全国学力テスト 「抽出」で失った貴重なデータ

The Yomiuri Shimbun (Aug. 3, 2010)
Partial participation in scholastic test gets a 'D'
全国学力テスト 「抽出」で失った貴重なデータ(8月2日付・読売社説)

A prompt return to full participation by every school in national achievement tests is the only way the government will be able to accurately ascertain students' scholastic ability and for the state and schools to use data collected through the tests to improve teaching methods.

The education ministry recently published the results of the national achievement test, the fourth of its kind, that was conducted in April. Unlike the three previous occasions in which all primary and middle schools took part, only about 30 percent of schools chosen at random participated in the latest test.

Schools not selected were allowed to take part in the test if they wished. In the end, about 23,800 schools--more than 70 percent of the nation's primary and middle schools--took part, with 1.63 million sixth-grade primary schoolers and third-year middle school students taking tests in Japanese and arithmetic or mathematics.
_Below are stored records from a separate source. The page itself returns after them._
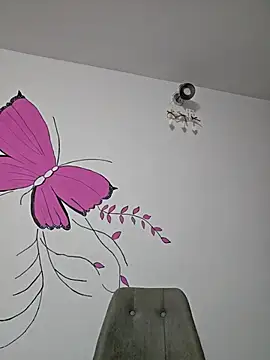 IsabelleCraft online show from 5, 11, 2025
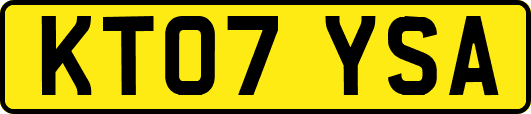 KT07YSA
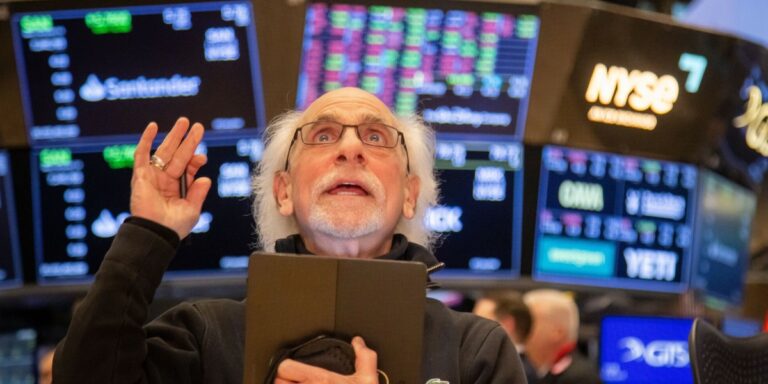 Inwestorzy zaniepokojeni tymi czterema kwestiami. Najgorszy początek miesiąca dla Wall Street od wiosny. - INFBusiness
Many schools wanted to participate in the test. We think all schools should be equally entitled to be provided with test results to discover the shortcomings of each student and draw up detailed teaching programs.

Limited data

The state shoulders the cost of marking the tests and compiling the data only for about 10,000 chosen schools. Schools that volunteered to take part have to mark the exam papers themselves. Many teachers at these schools will spend some of their summer holidays scoring the tests.

Students who took the first exams when they were sixth-grade primary schoolers in 2007 sat the 2010 test as third-year middle schoolers. The latest results showed more than 10 percent of these students could not calculate the area of a circle--repeating the error they made three years earlier. This finding should jolt teachers into thinking about improving how such calculations are taught in class.

Randomly selecting schools means the only useful data that could be gleaned from the tests was the average percentage of questions answered correctly by prefecture. Furthermore, with fewer samples available, each prefecture's average percentage of correct answers was within a range of one or two points. Correctly ranking the prefectures became a hopeless task.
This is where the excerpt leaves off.